Simeon, the elderly man who prophesied over Jesus as Mary and Joseph brought him into the temple complex declared, This child is destined…to be a sign that will be spoken against, so that the thoughts of many hearts will be revealed (Luke 2:34-35, NIV). Jesus came to upset destiny and be rejected, but he did so in order to expose our hearts. Something about Jesus’ life, death, and resurrection pokes and prods us until our cores are exposed, until the sinful nature in our hearts is brought to light.

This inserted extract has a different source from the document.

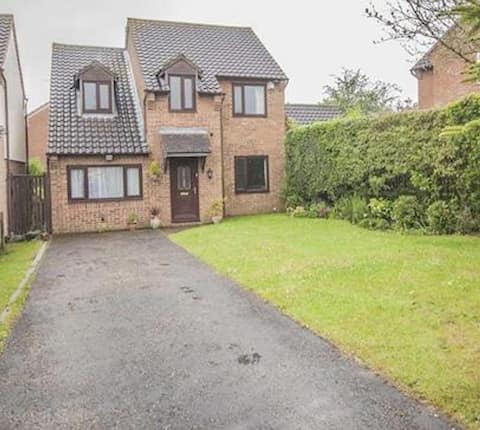 6 bed - parking corporate stay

All of us have hidden areas of our heart that we don’t want to admit are there: bitterness toward someone who hurt us years ago, jealousy towards that person has everything we want, cruelty we try to never let out but lurks there just the same, anger that we’ve allowed to fester because we want to be angry at what was done to us, selfishness we try to disguise with lofty-sounding justifications. Those things lurk in all of our hearts but we can never deal with them properly until they are exposed to the light. 1 John 1:7-8 reads, But if we are living in the light, as God is in the light, then we have fellowship with each other and the blood of Jesus, his Son, cleanses us from all sin. If we claim we have no sin, we are only fooling ourselves and not living in the truth (NLT). Living in the light means that we allow ourselves to be exposed. We allow the deepest darkest parts of us to be brought out into the light to be dealt with. Pretending those things don’t exist or hiding them means we are avoiding the light.
One of the purposes of Jesus’ mission to earth was to expose our hearts so that we could have all of the filth removed. Being exposed like that can be extremely frightening. At times, it can hurt to have all of the things we have worked so hard to bury ripped out into the open. But we must be willing to face the darkness in our hearts in order to root it out and be rid of it. Are you willing to let Jesus poke and prod you until you are exposed? Will you allow him to shine a light on those dark places in your heart that you have tried so hard to keep hidden? The process may not be pleasant, but the end result will be a life exposed to the light without shame.